The Series object, introduced here, is the entry point into the Pyleoclim universe, with very few metadata and a low bar to entry. However, geoscientific series, including paleoclimate timeseries, are often richer in information (particularly geolocation) that can be leveraged for further analysis. Therefore, we created a class called GeoSeries, which is a child of the Series object. As a child, GeoSeries inherits all the methods of its parent class as well as new methods that take advantage of the richer information.

Series properties that also apply to GeoSeries are as follows:

  • time: Time values for the time series

  • value: Paleo values for the time series

  • time_name (optional): Name of the time vector, (e.g., ‘Time’, ‘Age’). This is used to label the x-axis on plots

  • time_unit (optional): The units of the time axis (e.g., ‘years’)

  • value_name (optional): The name of the paleo variable (e.g., ‘Temperature’)

  • value_unit (optional): The units of the paleo variable (e.g., ‘deg C’)

  • label (optional): Name of the time series (e.g., ‘Nino 3.4’)

  • log (dict) – Dictionary of tuples documentating the various transformations applied to the object

  • keep_log (bool) – Whether to keep a log of applied transformations. False by default

  • importedFrom (string) – source of the dataset. If it came from a LiPD file, this could be the datasetID property

  • archiveType (string) – climate archive

  • dropna (bool) – Whether to drop NaNs from the series to prevent downstream functions from choking on them defaults to True

  • sort_ts (str) – Direction of sorting over the time coordinate; ‘ascending’ or ‘descending’ Defaults to ‘ascending’

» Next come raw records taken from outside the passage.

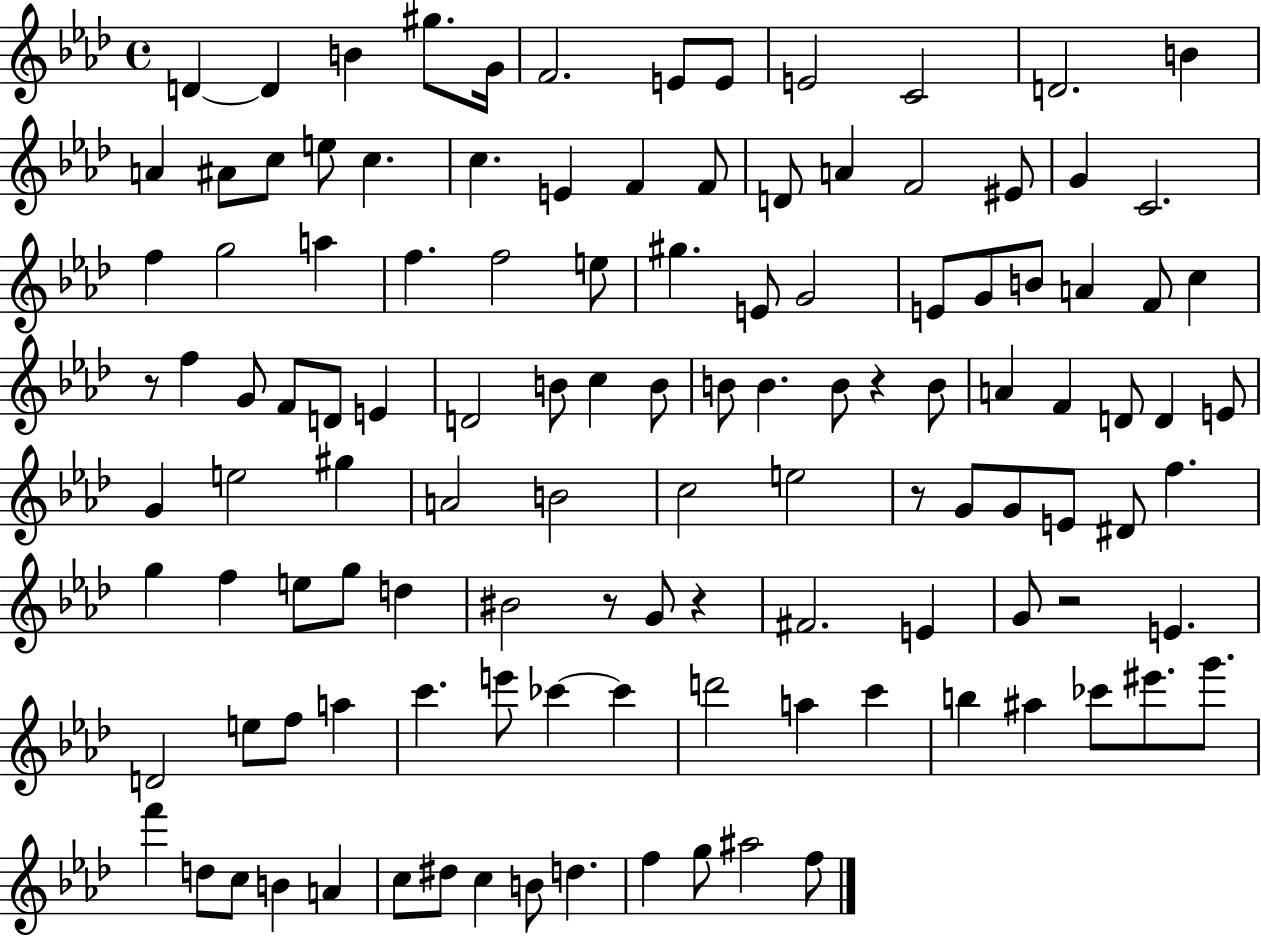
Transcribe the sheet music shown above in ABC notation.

X:1
T:Untitled
M:4/4
L:1/4
K:Ab
D D B ^g/2 G/4 F2 E/2 E/2 E2 C2 D2 B A ^A/2 c/2 e/2 c c E F F/2 D/2 A F2 ^E/2 G C2 f g2 a f f2 e/2 ^g E/2 G2 E/2 G/2 B/2 A F/2 c z/2 f G/2 F/2 D/2 E D2 B/2 c B/2 B/2 B B/2 z B/2 A F D/2 D E/2 G e2 ^g A2 B2 c2 e2 z/2 G/2 G/2 E/2 ^D/2 f g f e/2 g/2 d ^B2 z/2 G/2 z ^F2 E G/2 z2 E D2 e/2 f/2 a c' e'/2 _c' _c' d'2 a c' b ^a _c'/2 ^e'/2 g'/2 f' d/2 c/2 B A c/2 ^d/2 c B/2 d f g/2 ^a2 f/2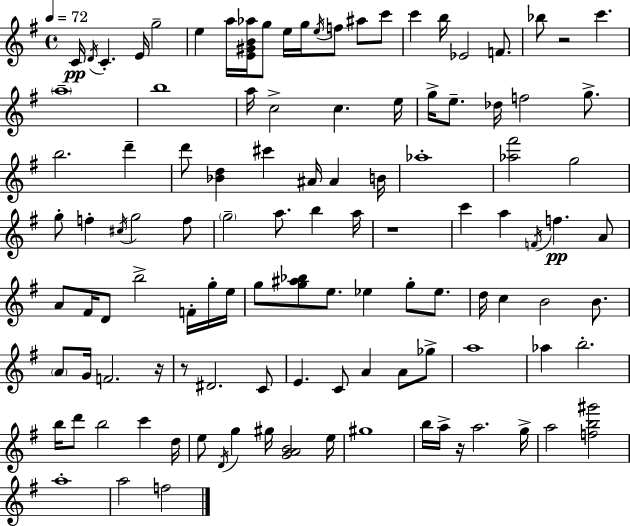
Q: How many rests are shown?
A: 5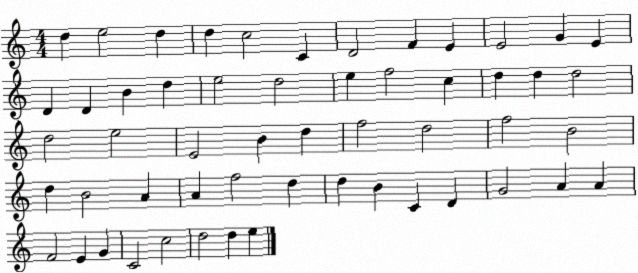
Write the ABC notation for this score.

X:1
T:Untitled
M:4/4
L:1/4
K:C
d e2 d d c2 C D2 F E E2 G E D D B d e2 d2 e f2 c d d d2 d2 e2 E2 B d f2 d2 f2 B2 d B2 A A f2 d d B C D G2 A A F2 E G C2 c2 d2 d e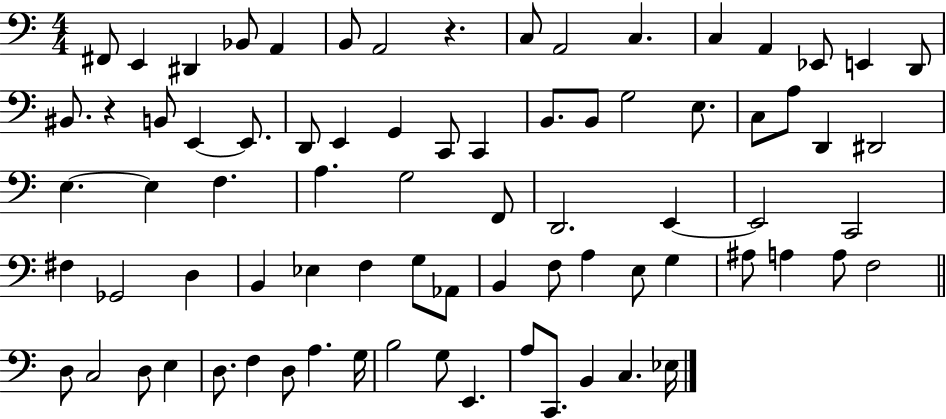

  • verbose (bool) – If True, will print warning messages if there is any

  • clean_ts (optional): set to True to remove the NaNs and make time axis strictly prograde with duplicated timestamps reduced by averaging the values Default is None.

In addition, GeoSeries includes the following properties:

  • lat (float): latitude (mandatory)

  • lon (float): longitude (mandatory)

  • elevation (float): elevation

  • depth (list): The values for the depth vector

  • depth_name (str): Name of the depth (e.g., top depth, mid-depth)

  • depth_unit (str): The units for the depth

  • sensorType (str): The type of sensor (e.g., foraminifera, buoys)

  • observationType (str): The type of observations made (e.g., Mg/Ca, tree-ring width, )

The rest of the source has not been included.